Tre giovanissime vittime, tre simboli della legalità, tre cittadini perbene strappati alle loro famiglie.
Giuseppe Mizzi, detto Pino, fu assassinato a soli 39 anni in un agguato di mafia nel rione di Carbonara, quartiere periferico di Bari, mentre tornava a casa il 16 marzo del 2011. Pino era nato a Bari il 23 dicembre del 1972. Era un grande lavoratore e teneva molto all’educazione dei suo due figli. Aveva alcuni hobby tra cui quello di stare accanto alle persone bisognose come gli anziani; insomma era un uomo buono e gentile. Fu ucciso perché scambiato per qualcun altro.
Antonio D’Onufrio fu assassinato invece nell’1989 a Palermo. Proprietario terriero appartenente all’aristocrazia del quartiere Ciaculli ebbe modo di interagire con la Criminalpol palermitana proponendo informazioni strategiche relative alle indagini sui latitanti. Per tale ragione fu giustiziato seguendo le regole mafiose che vengono applicate a coloro che osano riferire quanto invece deve rimanere occulto: dopo una raffica di mitra gli fu inferto un colpo di pistola in bocca.
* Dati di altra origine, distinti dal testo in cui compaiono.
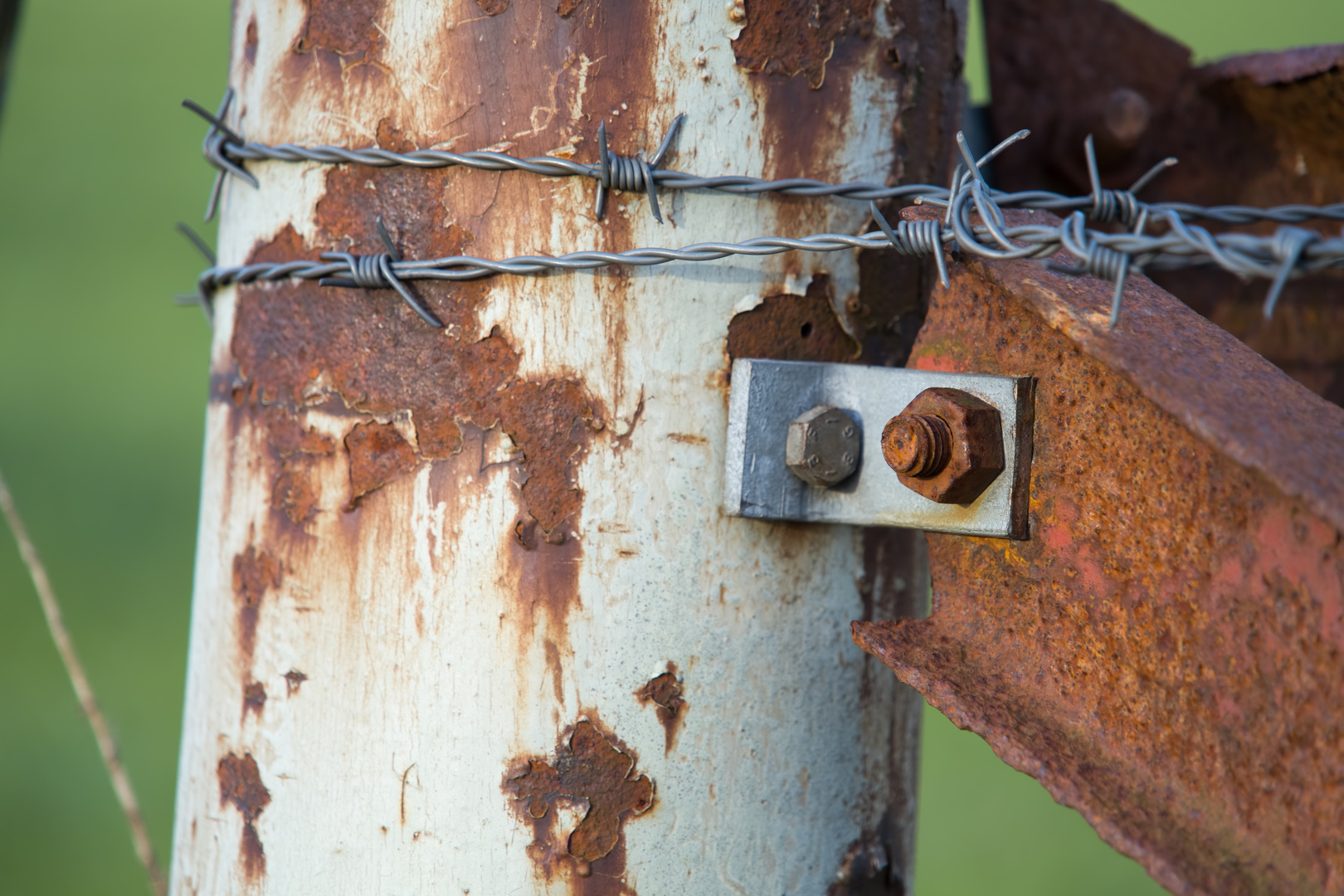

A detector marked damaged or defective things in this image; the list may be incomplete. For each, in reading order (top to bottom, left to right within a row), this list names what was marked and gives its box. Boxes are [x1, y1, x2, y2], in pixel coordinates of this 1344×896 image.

Le ricostruzioni di alcuni collaboratori di giustizia permisero finalmente di elaborare alcune ipotesi sulla tragica fine di Emanuele Piazza e sulle dinamiche che portarono al suo assassinio, avvenuto il 16 marzo 1990 a Capaci; lavorò per alcuni anni nella polizia; successivamente fu arruolato nei servizi segreti SISDE e in tale contesto probabilmente maturarono le condizioni che ne comportarono la morte – Egli improvvisamente scomparve dalla sua abitazione in circostanze che per svariato tempo rimasero misteriose, a causa della difficoltà nel reperire informazioni in merito. In seguito agli accertamenti caparbiamente perseguiti dai familiari, si giunse alla conclusione che Emanuele era stato sciolto nell’acido.
Il CNDDU, impegnato ormai da anni, in prima linea, contro l’illegalità e l’irresponsabilità civica, nella divulgazione dei fatti storici e nella conservazione nella memoria collettiva dei protagonisti della società civile, continua a proporre nomi e vicende di cittadini esemplari nelle scuole italiane perché dalle aule si propaghi un’onda di partecipazione e resilienza legalitaria, sollecitando i docenti a sensibilizzare costantemente i propri studenti sulle storie e le vicende che hanno interessato i martiri della legalità.